- Opening Delimiter -

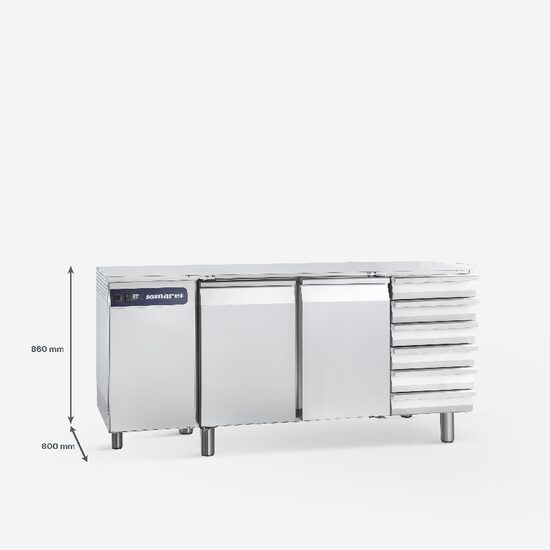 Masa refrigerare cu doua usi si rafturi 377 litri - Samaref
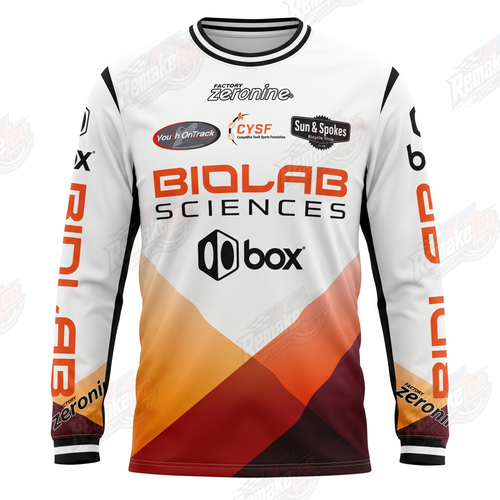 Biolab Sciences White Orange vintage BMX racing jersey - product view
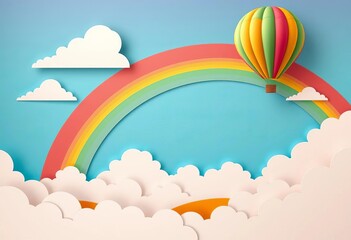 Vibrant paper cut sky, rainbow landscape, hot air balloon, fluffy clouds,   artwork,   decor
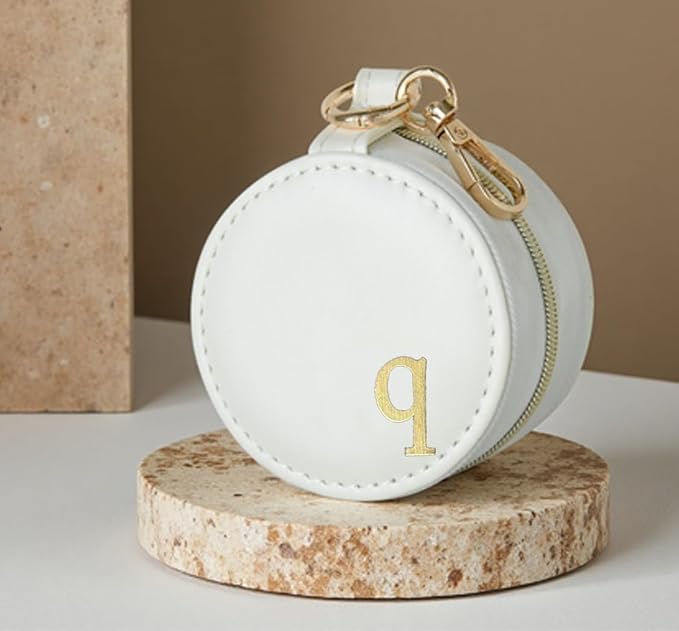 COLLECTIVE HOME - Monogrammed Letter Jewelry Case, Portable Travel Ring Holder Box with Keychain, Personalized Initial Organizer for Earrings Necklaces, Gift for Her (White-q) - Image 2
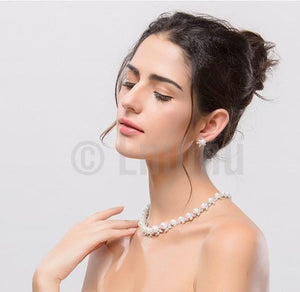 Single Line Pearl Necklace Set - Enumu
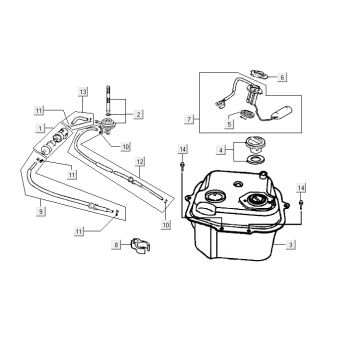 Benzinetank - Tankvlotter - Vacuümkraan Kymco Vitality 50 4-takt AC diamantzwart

- Closing Delimiter -

About this exercise >>
The lines to reproduce run from the one above containing "COLLECTIVE HOME - Monogrammed" through the one containing "Single Line Pearl Necklace Set - Enumu". Copy them exactly and leave out all pictures.

Problem solution >>
 COLLECTIVE HOME - Monogrammed Letter Jewelry Case, Portable Travel Ring Holder Box with Keychain, Personalized Initial Organizer for Earrings Necklaces, Gift for Her (White-q) - Image 2
 Single Line Pearl Necklace Set - Enumu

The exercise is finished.